Next, as an example of the electronic apparatus of the present invention, an electronic apparatus (liquid crystal projector) using the liquid crystal panel 1B will be described.
FIG. 7 is a diagram schematically showing an optical system of the electronic apparatus (projection display device) of the present invention.
As shown in FIG. 7, the projection display apparatus 300 includes a light source 301, an illumination optical system including a plurality of integrator lenses, a color separation optical system (a light guide optical system) including a plurality of dichroic mirrors, and the like. A liquid crystal light valve (liquid crystal optical shutter array) 24 corresponding to red (liquid crystal optical shutter array) 24 corresponding to red, a liquid crystal light valve (liquid crystal optical shutter array) 25 corresponding to green (liquid crystal optical shutter array) 25, and a liquid crystal light valve corresponding to blue (for blue) ) A liquid crystal light valve (liquid crystal light shutter array) 26, a dichroic prism (color combining optical system) 21 formed with a dichroic mirror surface 211 reflecting only red light and a dichroic mirror surface 212 reflecting only blue light, and projection And a lens (projection optical system) 22.

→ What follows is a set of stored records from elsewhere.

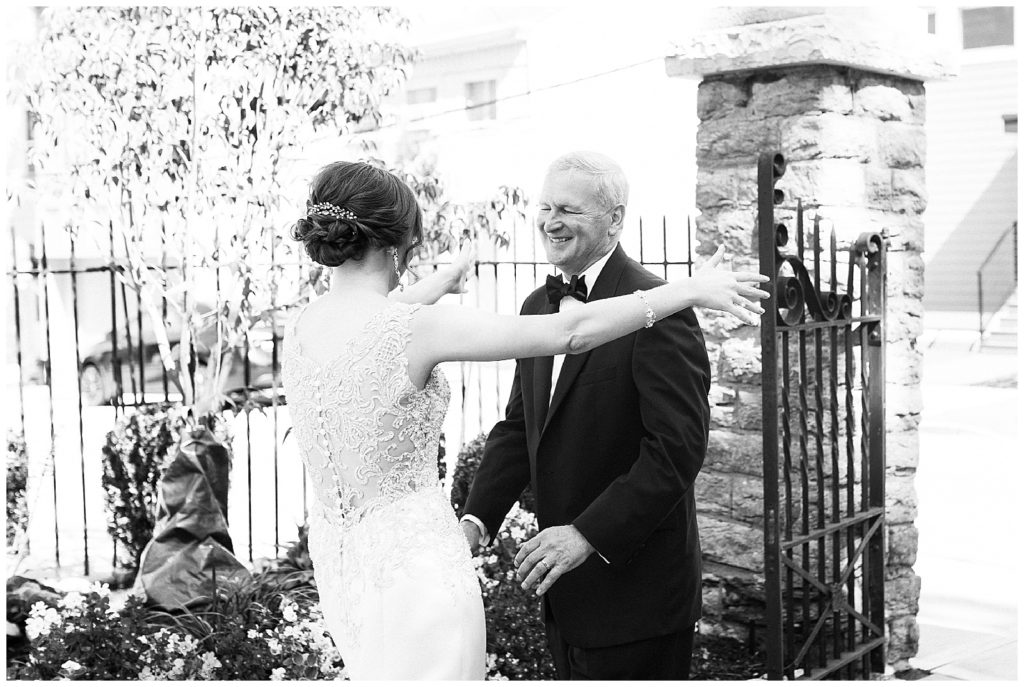 Bride and father smile and hug as they see each other for the first time on the wedding day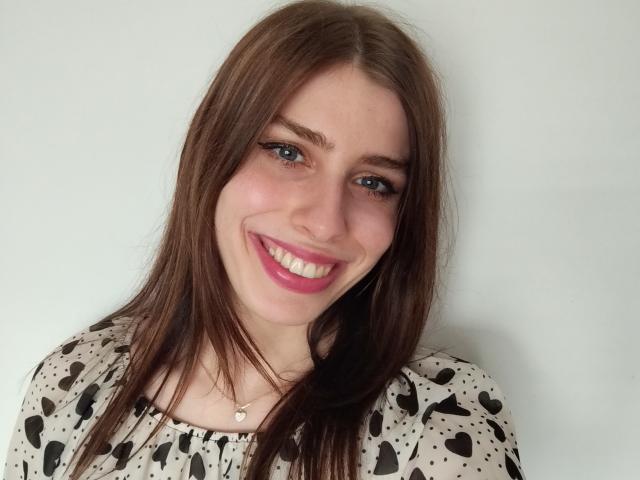 GlamPia has brown hair, blue eyes, pink lipstick, and a smile showing white teeth. She's wearing a black and white polka dot top with a small necklace.
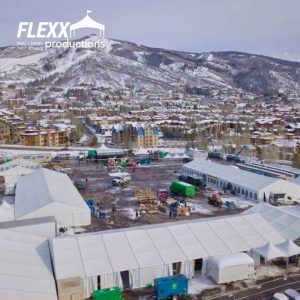 Multiple tent rentals set up outside for a snowy mountainside event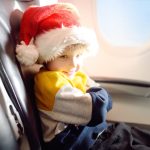 Little child wearing Santa Claus hat is traveling by an airplane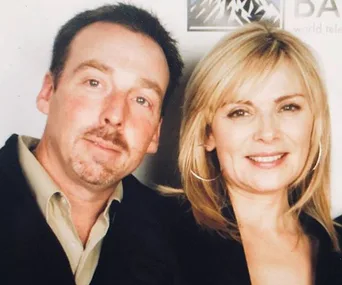 Two people posing together, with one man in a suit and a woman with blonde hair smiling at the camera.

The illumination optical system includes integrator lenses 302 and 303. The color separation optical system includes mirrors 304, 306, and 309, a dichroic mirror 305 that reflects blue light and green light (transmits only red light), a dichroic mirror 307 that reflects only green light, and a dichroic that reflects only blue light. A mirror (or a mirror that reflects blue light) 308 and condenser lenses 310, 311, 312, 313, and 314 are included.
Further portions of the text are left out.